We went to a Greek festival this weekend. Food, music, folk dancing, the usual. Maria seemed to enjoy herself for the most part. Something very interesting happened when the band started playing a song with “Maria” in the chorus. She suddenly got really quiet and started listening. I have a video of her doing something similar to that personalized CD we got, but I foolishly filmed the video sideways and need to rotate it before I post it. I’ve seen her do that many times over the last week or two and I firmly believe she is deliberately responding to her name. I vaguely remember reading something a while back on auditory processing disorders that it is good to start sentences with her name as it will trigger her brain to pay attention. I guess it works that way on kids with normal hearing as well 🙂

Music hath charms

Thursday, May 4th, 2006

Maria seems to be responding even more to music lately, though maybe we are just playing more of it. We got her one of those personalized CDs where they use her name in the songs and, though the songs are just awful, she seems to enjoy them. Not only does she get quiet when the music is playing, but she moves her feet and arms like she’s dancing.

She sees a music therapist for the first time next Thursday. There’s a larger therapy place Cathy is trying to get her into so this person might just be temporary, but I’m curious how this will go. I’m glad it’s one of my Maria days so I can see how this person works with her. The advantage of this therapist is that she comes to the house; the larger agency means we’ll have to take her there.

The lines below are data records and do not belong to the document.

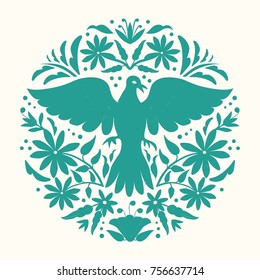 Colorful Mexican Traditional Textile Embroidery Style from Tenango, Hidalgo; México – Floral Composition 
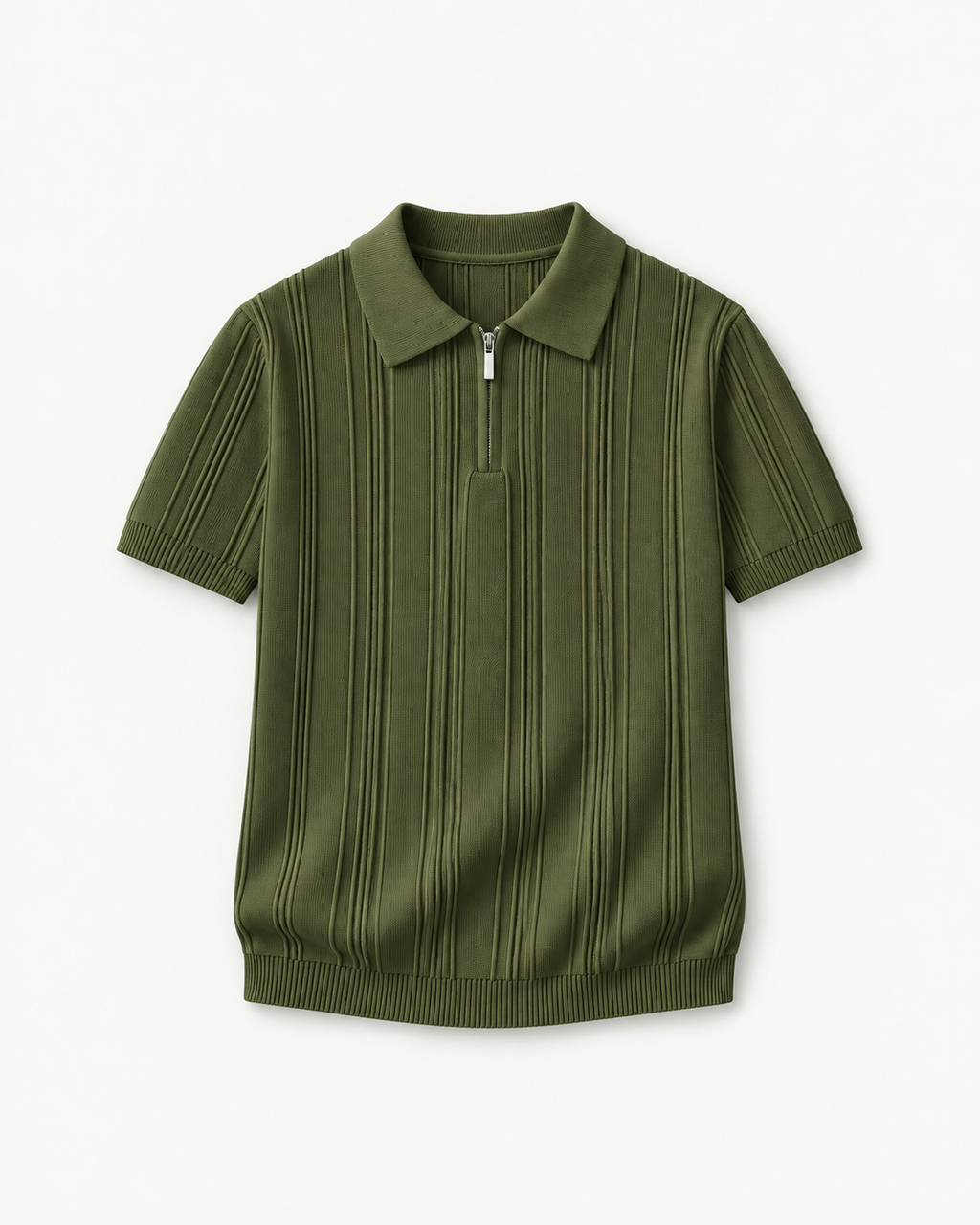 Men's Textured Zip Polo Shirt in Green — front studio view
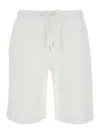 C.p. Company White Shorts With Elastic Waist And Drawstring In Cotton Man In White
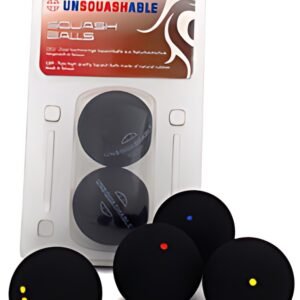 UNSQUASHABLE Balle de squash, lent, blister de 2, noir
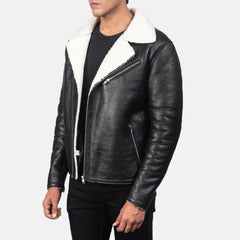 Alberto Leather Jacket White Shearling Black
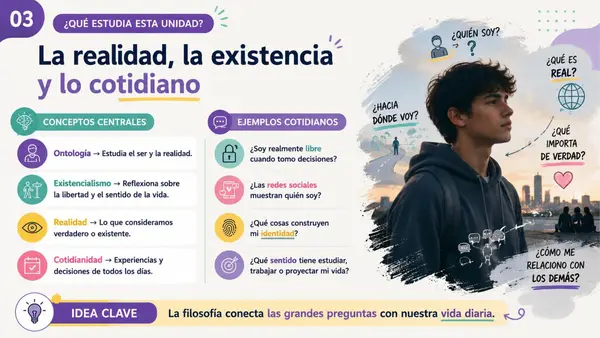 Unidad 2: La realidad, la existencia y lo cotidiano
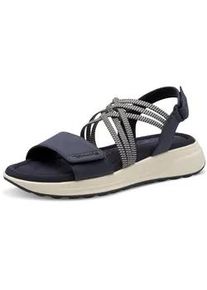 Keilsandalette Tamaris, Damen, Gr. 37, blau (navy), Lederimitat, Textil, Schuhe, Plateau, Bequemschuh, Sandale mit elastischen, &uuml;berkreuzten Riemchen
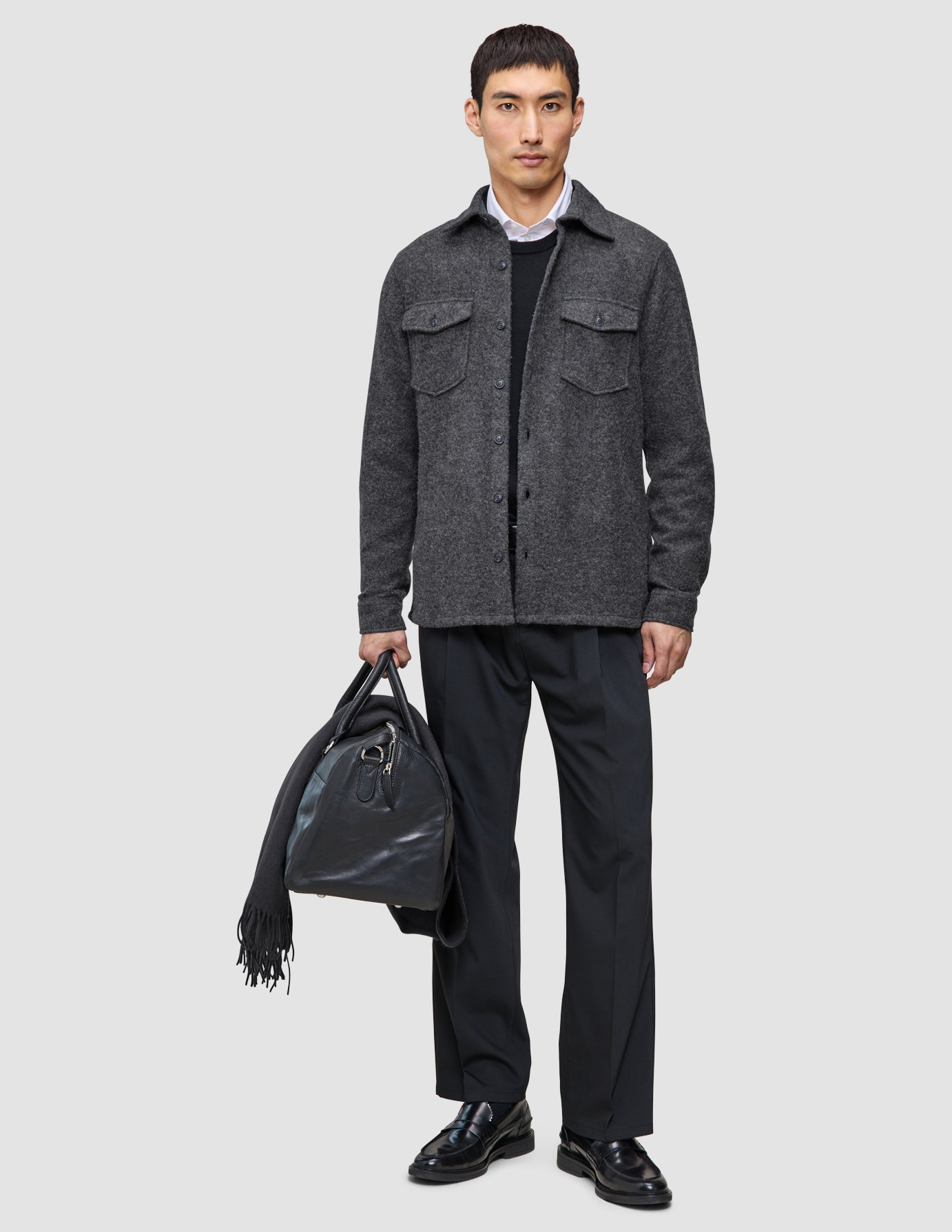 En mand er klædt i et vellykket lag-på-lag-look bestående af en grå uldskjorte over en merino-striktrøje, og han har en lædertaske og et tørklæde med sig.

Maria MIGHT be finally starting to respond to her name. We hate to get our hopes up, but I’ve certainly noticed several times that she will calm if I say “Hi Maria”. Then again, sometimes she doesn’t. Manolis say he has seen her turn toward him if he says her name, and I think others have started to notice things. Her signals are so subtle and intermittent that it’s always hard to tell if something is real or just coincidence, but (for me at least) I’ve seen it enough times that I think she’s starting to make the connection.

She continues to be very stuffy and we are pretty sure it’s allergies rather than a cold. We think that when her sinuses drain into her throat she chokes and that’s what makes her cough so much. I haven’t found that Triaminic makes much of a difference, but we try different things. She has been keeping Cathy up pretty much every night with her coughing since they got back from Oregon.